Says Couples May Serve Best

By Mary ELLEN Gale

Women can make a "tremendous contribution" to the Peace Corps, Radcliffe President Mary I. Bunting, one of the vice-chairmen of the recently-created Citizens' Advisory Committee on the Peace Corps, declared yesterday.

Sargent Shriver, Director of the Corps, "wants to use both men and women effectively," she reported, noting, "there is some indication that young married couples would do a better job than groups of single men and women." The program will send couples if both husband and wife are individually accepted for the Peace Corps.

Calling the Corps "an awfully important move for the country," she cited the "great response" of students to Kennedy's proposal as the motivating force behind the program. In the future, she hopes that the colleges will integrate their separate Peace Corps, with government co-operation.

Although "it is valuable to make the opportunity available now." President Bunting emphasized that the Peace Corps should not move too fast. "This is not the moment for drumming up support," she remarked. "We don't want people who are not really interested."

She agreed with Shriver that "there are many ways of serving the purposes of the Peace Corps without a frontal attack bearing a specific label." Programs sponsored by groups such as industries and labor unions could provide much of the manpower needed to aid foreign countries, she pointed out.

Should Learn Language

"It is important for many people to think how they can best serve the objectives of the Peace Corps whether or not they ever enlist in it," President Bunting commented.

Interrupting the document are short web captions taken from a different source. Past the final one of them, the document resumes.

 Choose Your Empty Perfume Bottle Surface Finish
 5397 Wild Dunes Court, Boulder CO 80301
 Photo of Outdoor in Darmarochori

"We need a diversity of knowledge coupled with other kinds of ability," she explained, stressing that bilingual people from all sorts of occupations and professions can make unofficial contributions to Peace Corps activities. "We need not just physicists, but farmers, builders, and home economists to aid other countries," she said.

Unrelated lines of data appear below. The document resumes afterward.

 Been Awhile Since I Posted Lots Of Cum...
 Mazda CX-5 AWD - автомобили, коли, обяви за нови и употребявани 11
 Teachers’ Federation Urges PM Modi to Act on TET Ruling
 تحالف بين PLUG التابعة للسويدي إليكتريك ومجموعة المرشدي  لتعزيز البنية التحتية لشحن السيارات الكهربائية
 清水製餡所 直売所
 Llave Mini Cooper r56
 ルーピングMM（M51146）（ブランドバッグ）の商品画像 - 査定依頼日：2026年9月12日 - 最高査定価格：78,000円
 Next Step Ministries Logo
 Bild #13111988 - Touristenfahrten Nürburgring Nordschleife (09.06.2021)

Such preparation is especially important for women, the President declared She quoted Secretary of State Dean Rusk as saying that the foreign service is most effective when wives understand and participate in their husbands' careers.

Drop Outs for Marriage

Too often, she commented, men feel that marriage and the foreign service are incompatible. "Just as women drop out of college to get married, men drop out of the foreign service to get married," she said.